Comparing Retail Electricity Pricing Programs
Most retail electricity customers face constant electricity prices even though the hourly costs of electricity production vary substantially. In The Efficiency of Dynamic Electricity Prices (NBER Working Paper 32995), Andrew J. Hinchberger, Mark R. Jacobsen, Christopher R. Knittel, James M. Sallee, and Arthur A. van Benthem examine how closely the retail charges associated with time-of-use rate plans, critical-peak pricing plans, and real-time retail pricing with price ceilings match wholesale electricity prices, which vary at high frequency and reflect volatile production costs.
Time-of-use and critical-peak electricity pricing models are jointly 20 percent better than flat-rate pricing at matching the variation in wholesale electricity prices but fall far short of real-time pricing with price ceilings.

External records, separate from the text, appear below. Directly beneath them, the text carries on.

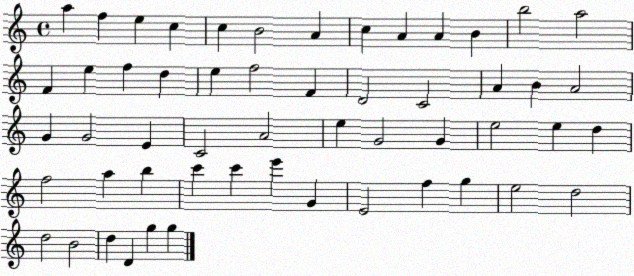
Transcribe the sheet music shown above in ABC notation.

X:1
T:Untitled
M:4/4
L:1/4
K:C
a f e c c B2 A c A A B b2 a2 F e f d e f2 F D2 C2 A B A2 G G2 E C2 A2 e G2 G e2 e d f2 a b c' c' e' G E2 f g e2 d2 d2 B2 d D g g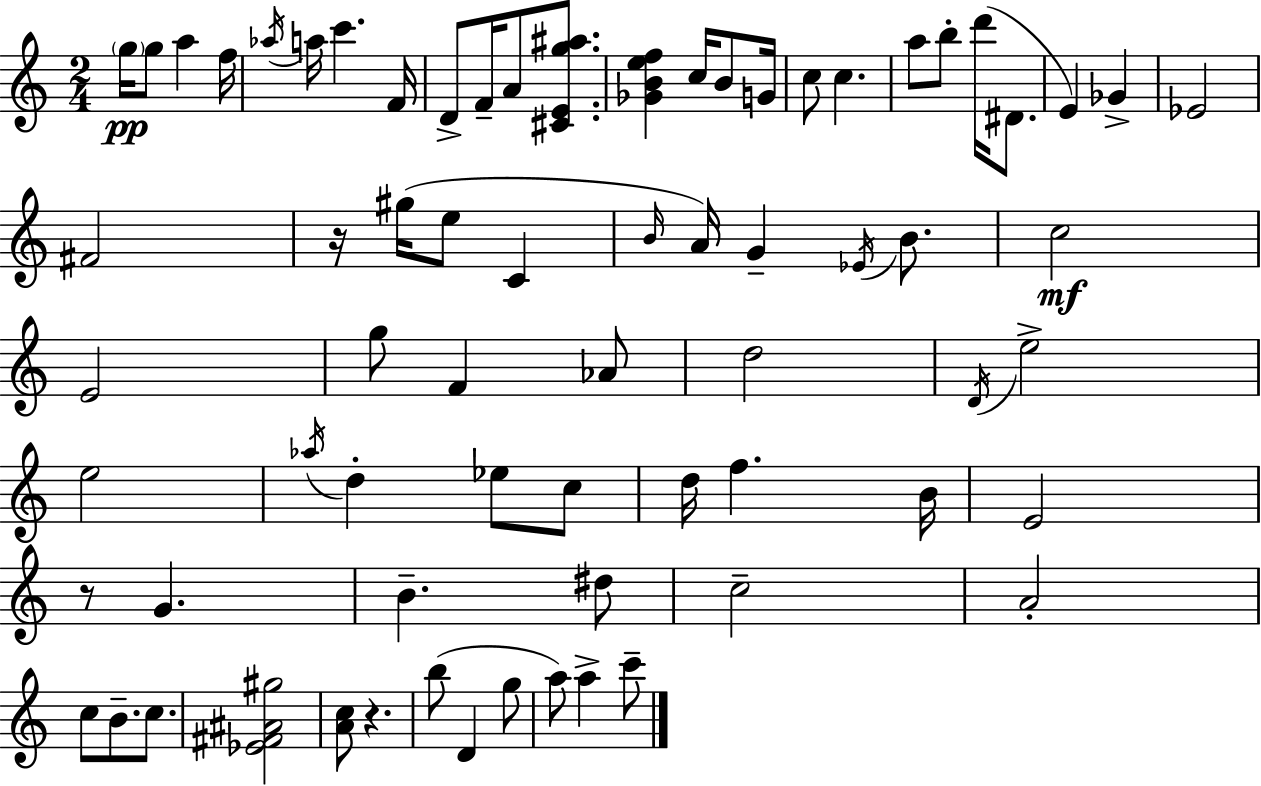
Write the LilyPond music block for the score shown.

{
  \clef treble
  \numericTimeSignature
  \time 2/4
  \key c \major
  \parenthesize g''16\pp g''8 a''4 f''16 | \acciaccatura { aes''16 } a''16 c'''4. | f'16 d'8-> f'16-- a'8 <cis' e' g'' ais''>8. | <ges' b' e'' f''>4 c''16 b'8 | \break g'16 c''8 c''4. | a''8 b''8-. d'''16( dis'8. | e'4) ges'4-> | ees'2 | \break fis'2 | r16 gis''16( e''8 c'4 | \grace { b'16 } a'16) g'4-- \acciaccatura { ees'16 } | b'8. c''2\mf | \break e'2 | g''8 f'4 | aes'8 d''2 | \acciaccatura { d'16 } e''2-> | \break e''2 | \acciaccatura { aes''16 } d''4-. | ees''8 c''8 d''16 f''4. | b'16 e'2 | \break r8 g'4. | b'4.-- | dis''8 c''2-- | a'2-. | \break c''8 b'8.-- | c''8. <ees' fis' ais' gis''>2 | <a' c''>8 r4. | b''8( d'4 | \break g''8 a''8) a''4-> | c'''8-- \bar "|."
}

Two of the most common variable retail pricing structures are time-of-use (TOU) and critical peak pricing (CPP). TOU prices specify rates based on the time of day, day of the week, or season, and are calibrated using historical data. CPP rates add a cost premium during time periods called “events,” when the grid is expected to be near capacity. Although events are announced only hours in advance, the rates that apply when an event is in progress are often held constant for years.
To construct a time series on wholesale electricity prices, the researchers use data on real-time and day-ahead locational marginal prices from the hourly auctions in the seven US wholesale electricity markets from 2000 through 2020. They use these data to fit alternative rate schedules onto historical wholesale prices using standard regression tools, accounting for out-of-sample fit and the fact that alternative policies change equilibrium wholesale-market prices.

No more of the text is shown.